Mr. Blair : The Bill does not do a single thing for consumers that could not be done separately from privatisation. The hon. Gentleman must make a case showing why the Government are privatising the industry. So that the public fully understand, will the hon. Gentleman confirm that the ordinary, average consumer will have no choice but to continue contracting with his area board?

Mr. Spicer : The case that the hon. Gentleman must make is in answer to the hon. Member for Ashfield, who said that he wanted to put the industry back into public control. I shall not leave that point alone and I shall certainly address the question "Why privatise?" put by the hon. Member for Sedgefield.

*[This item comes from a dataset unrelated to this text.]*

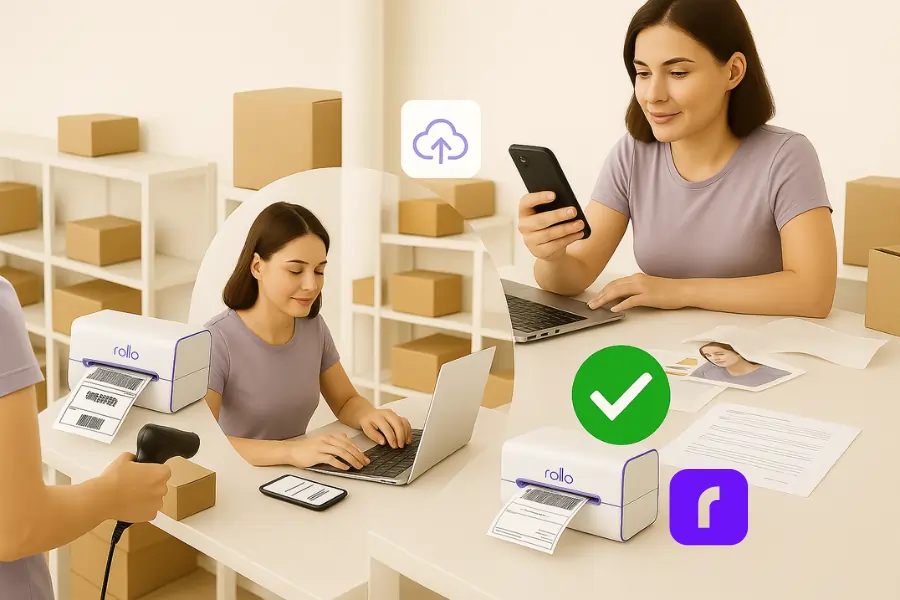 A photorealistic composite image showing a small business owner multitasking in a bright, organized workspace. The woman is seen in different quadrants performing eCommerce tasks: printing a shipping label with a Rollo wireless thermal printer, scanning a package with a barcode scanner, working on a laptop with a smartphone nearby, and reviewing order details. A large green check mark icon appears near the printer, symbolizing successful mobile printing integration into a seamless, productive workflow for online sellers.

I have already said that customers, including, for instance, those managing large new estates or large blocks of flats, would have the right to opt out --as everyone has--and it might even be a practical proposition-- [Interruption.] The hon. Member for Sedgefield is not listening to my answer to his question. Domestic customers will have the right to opt out, and certain managers of large new estates or large blocks of flats may well want to do so--

Several Hon. Members rose--

Mr. Spicer : I have answered one question put by the hon. Member for Sedgefield and I want to deal with his other questions. One feature for which no Opposition Member has given credit in the context of a debate on consumer rights, although I am sure that they have understood it, is the new place of the consumers' committees within the regulatory body. For the first time, instead of shouting outside the industry and giving the benefit of their advice to anyone who wishes to listen, consumers' committees will be players involved in the regulatory process. They will have statutory rights that they did not have before. At least the Opposition might congratulate the Government on this new innovative approach to the involvement of consumers' committees within the regulatory authority.

Mr. Lofthouse : Is the hon. Gentleman saying that domestic dwellings can opt out?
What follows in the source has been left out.